TRY IT> Without pictures, repeat the lines of the entries from the one containing "Hand-Painted Japanese Style" through the last, both ends included, and nothing else.

————————

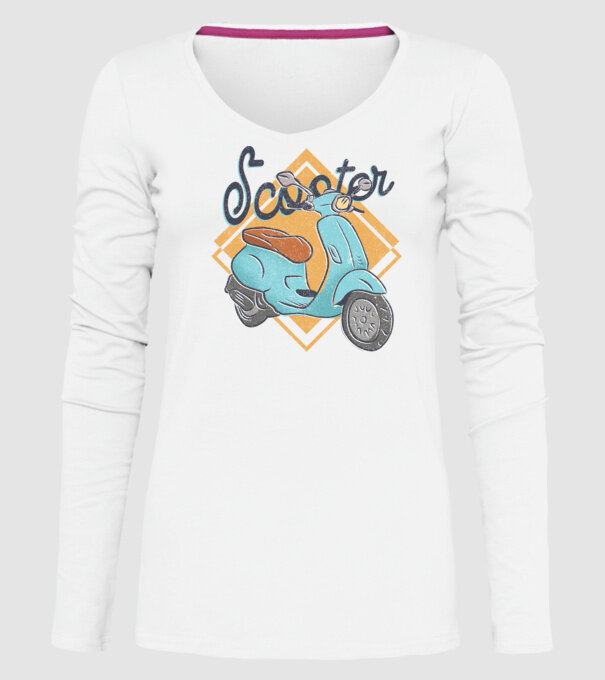 Scooter model alb pe tricou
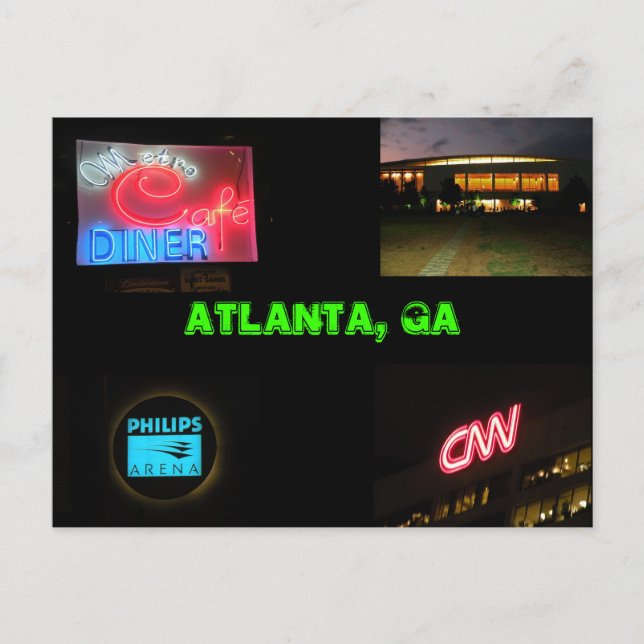 Atlanta, tarjeta postal GA (Anverso)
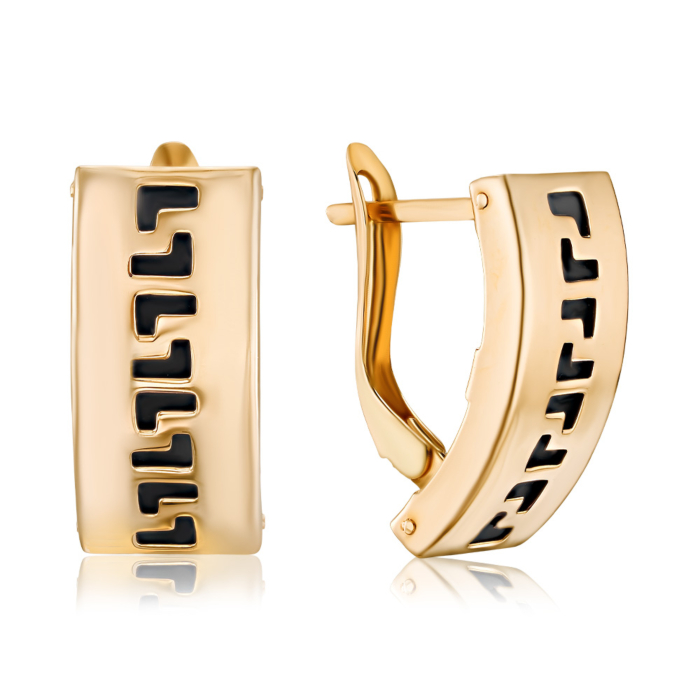 Золотые серьги с каучуком 02930/01/0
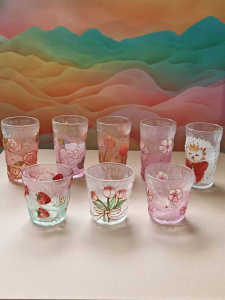 Hand-Painted Japanese Style Glass Cup Crystal Ice Gradient Tea Cup Fruit Juice Ins Small Niche Water Cup High Aesthetic Value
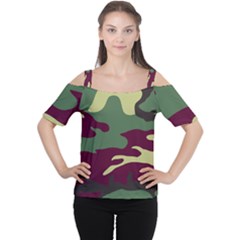 Camuflage Flag Green Purple Grey Cutout Shoulder Tee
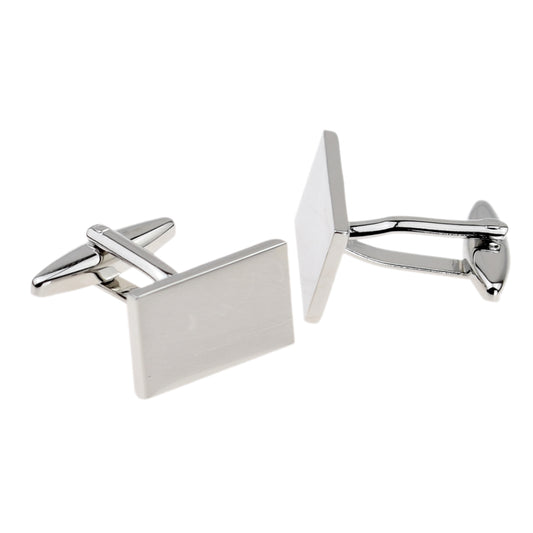 Rectangular Plain Cufflinks Unboxed (20x12mm engravable) | Ashton and Finch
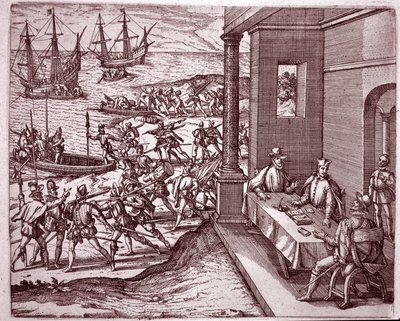 De spanske conquistadorer Francisco Pizarro, Diego de Almagro og Hernando de Luque gik sammen om at erobre Peru (gravering af Theodore de Bry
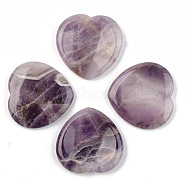 Natural Amethyst Thumb Worry Stone, Pocket Palm Stones, for Healing Reiki Stress Relief, Heart Shape, 39~40x39~40x5~6mm(G-N0325-01P)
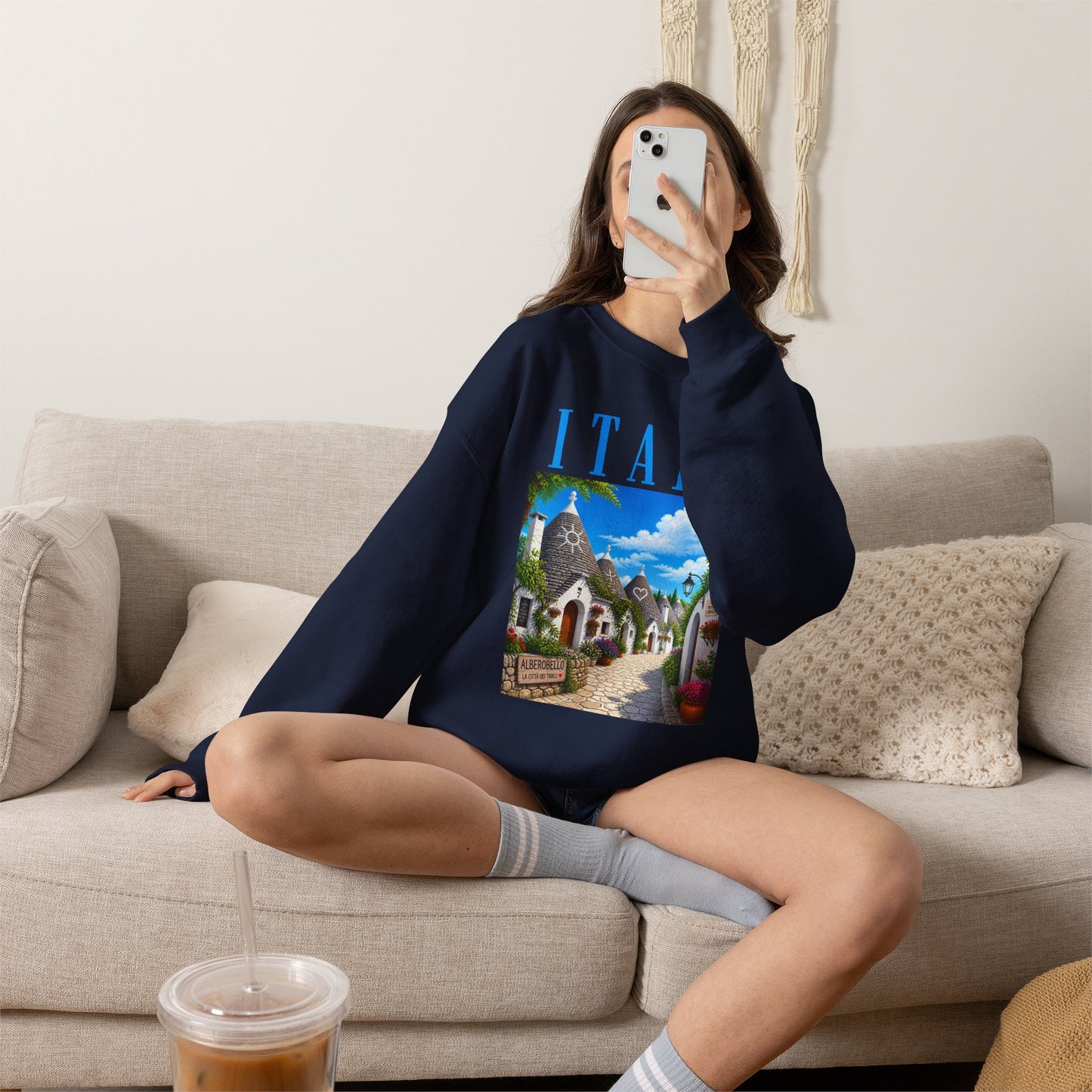 Italy Alberobello Scenic Sweatshirt — Trulli Village Travel Crewneck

————————

YOUR SOLUTION>
 Hand-Painted Japanese Style Glass Cup Crystal Ice Gradient Tea Cup Fruit Juice Ins Small Niche Water Cup High Aesthetic Value
 Camuflage Flag Green Purple Grey Cutout Shoulder Tee
 Rectangular Plain Cufflinks Unboxed (20x12mm engravable) | Ashton and Finch
 De spanske conquistadorer Francisco Pizarro, Diego de Almagro og Hernando de Luque gik sammen om at erobre Peru (gravering af Theodore de Bry
 Natural Amethyst Thumb Worry Stone, Pocket Palm Stones, for Healing Reiki Stress Relief, Heart Shape, 39~40x39~40x5~6mm(G-N0325-01P)
 Italy Alberobello Scenic Sweatshirt — Trulli Village Travel Crewneck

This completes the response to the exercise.